Traditions and Superstitions
My parents made us practice pretty much every possible CNY superstition you can think of – cleaning the house (to sweep away bad luck), not washing our hair on CNY (washes away good luck), and only speaking words of affirmation. With four other siblings in the house, the latter was a massive challenge!! If you’re planning to partake in some of these or other Chinese New Year taboos or superstitions, you still have a bit of time. Spring Festival a.k.a Chinese New Year kicks off this year with the new moon on January 28th and ends on the full moon 15 days later. Yes, that’s right, 15 full days later!! January 28th also signifies that start to the year of the rooster.
This month we are greatly inspired by the color red; found everywhere during Chinese New Year. Red symbolizes good luck and happiness. Here are 10 red items to help welcome the year of the Fire Rooster in style.
These Dynasty Napkin Rings from Kim Seybert will stand out in any table setting. They come in sets of 4.
The Ora Desk Lamp is a truly rare piece by Australian designer Ross Gardam.

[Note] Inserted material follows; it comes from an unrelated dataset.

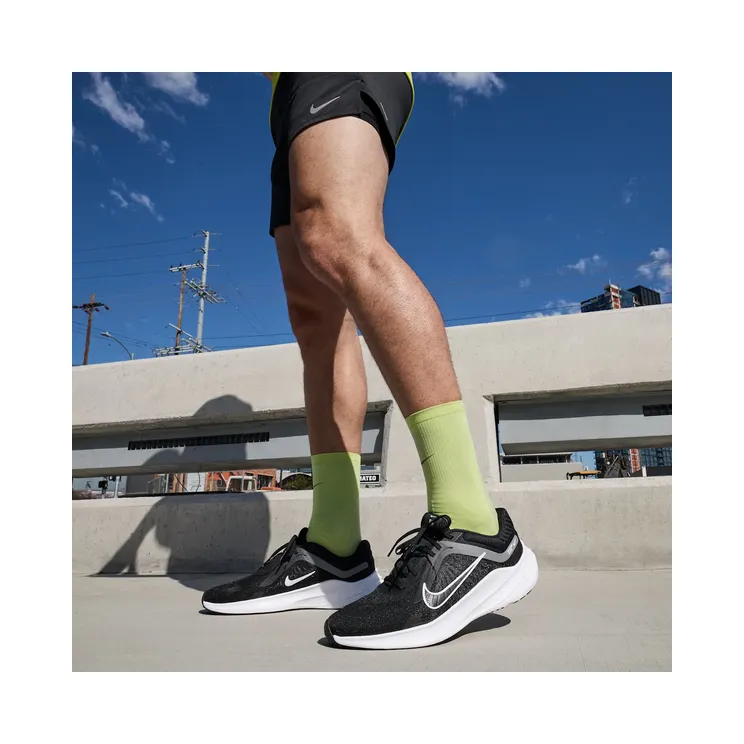 nike-quest-5 DD0204-001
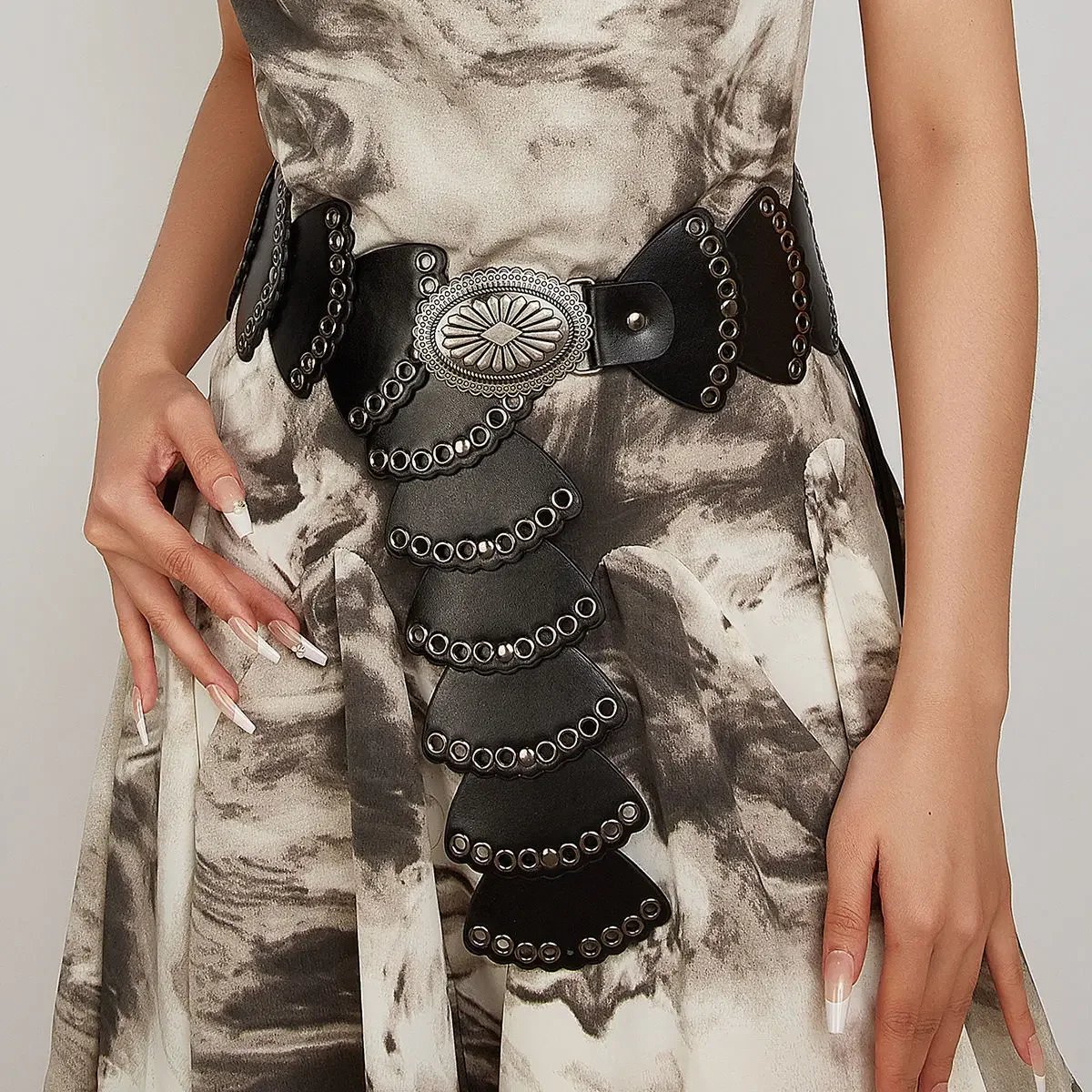 European and American retro women's belt street fashion hollow ring PU leather splicing feature waist belt versatile nail bead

Production is limited to twenty-five individually numbered gold pieces.
Enjoy this modern rendition of chopsticks made of Macassar Ebony.
Yet another modern adaptation of Chinese culture, this Lucky Envelope contains teabags of Organic Long Life Green and Organic Imperial Oolong.
This Capiz placemat from Kim Seybert is perfect for anyone seeking to brighten up a family table with the spirit of the New Year.
Rouge Louboutin is a signature lip color from Christian Louboutin’s Beauty collection that doubles up as a piece of jewelry sure to complement your outfit perfectly at a Chinese New Year dinner.
This62% dark chocolate rooster by Thomas Haas ushers in the Year of the Fire Rooster with a handmade creation aimed at showing respect to the tenth sign in the Chinese Zodiac.
Get regal with the Harcourt 1841 Louis Philippe Glass by Baccarat for your Chinese New Year table. As an ode to a piece commissioned by King Louis-Philippe in 1841, this glass will add a royal element to your dining experience.
These red napkins are from the Sferra Collection, which we ordered through Fine Linens in New York.